England’s squad selection for the Test tour of Sri Lanka later this year has, again, revealed Ed Smith is the best thing to happen to them since Kevin Pietersen.
Relatively young for the position at 40 years old and blessed with bold and contemporary choices, Smith is quickly setting himself apart from predecessor James Whitaker – and several national selectors before him.
Yes, he has to consult with others before naming selections, but individually and collectively, England are getting it very right with Smith at the helm. Not quite maverick, but certainly not conservative, Smith is making the brave decisions Whitaker and others wouldn’t.

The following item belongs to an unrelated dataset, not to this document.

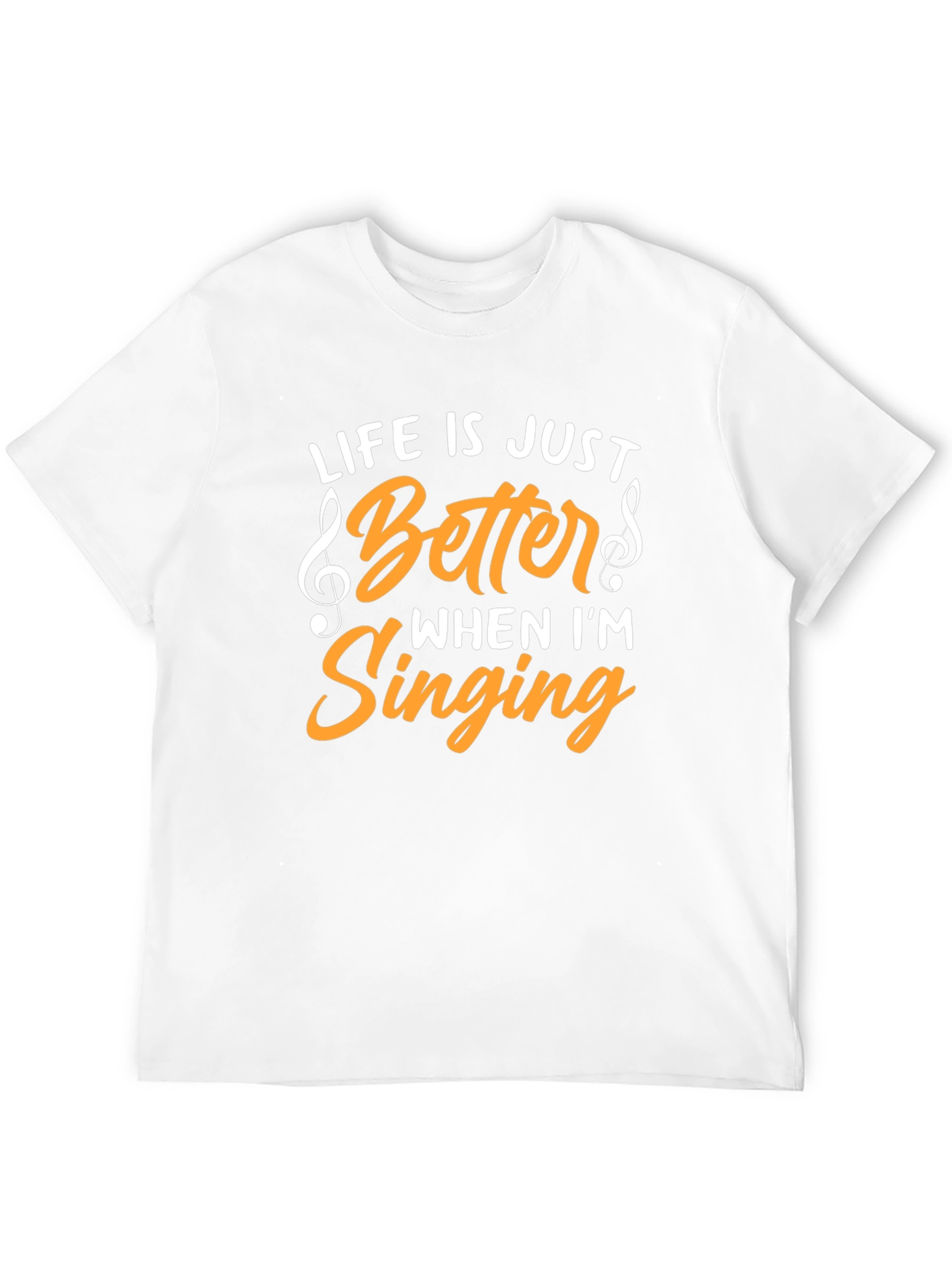 Life Is Just Better When Im Singing T-Shirt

This effectively started with Jos Buttler’s return to the Test fold. Indian Premier League naysayers for several seasons, the England and Wales Cricket Board have all but been made to eat their reservations in the wake of Buttler’s Test comeback. It was orchestrated on the back of a successful IPL campaign for the Rajasthan Royals, who relished his cool, calm, calculated hitting. This continued in the series against Pakistan, and then India. It took Smith, however, to recognise and support Buttler to translate his Rajasthan results into England outcomes.

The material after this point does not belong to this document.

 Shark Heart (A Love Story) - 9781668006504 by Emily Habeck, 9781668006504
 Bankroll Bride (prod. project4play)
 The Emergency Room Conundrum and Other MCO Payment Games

Smith and cronies, too, have exercised forgiveness. The decision to retain Keaton Jennings despite a poor stretch of recent form has definitely been influenced by the exit of Alastair Cook, as they didn’t want two new openers walking out to the middle in Colombo and Galle. Jennings, though, will know he has to shape up or ship out this time. The selection of Rory Burns and Joe Denly – and the retention of Ollie Pope – will constantly remind him of the precarious nature of his berth in the XI and, indeed, the squad.
Denly’s elevation to the Test collective also speaks of Smith’s influence on those prone to forgetting talent of the past. This won’t be Denly’s first foray into international cricket.
He played nine ODIs and five T20Is in 2009 and 2010, but didn’t do enough to sustain selection. Liam Plunkett walked a similar path before him, and eventually demanded a relook.
Like they did with David Malan, England have also qualified and quantified Denly’s ability to weigh in with a bit of leg-spin, which could prove instrumental in low, slow Sri Lankan conditions. This role with the ball wouldn’t be entirely orthodox, but would exemplify Smith and his colleagues’ willingness to look and think outside the proverbial box, whereas team and selection officials before them weren’t willing.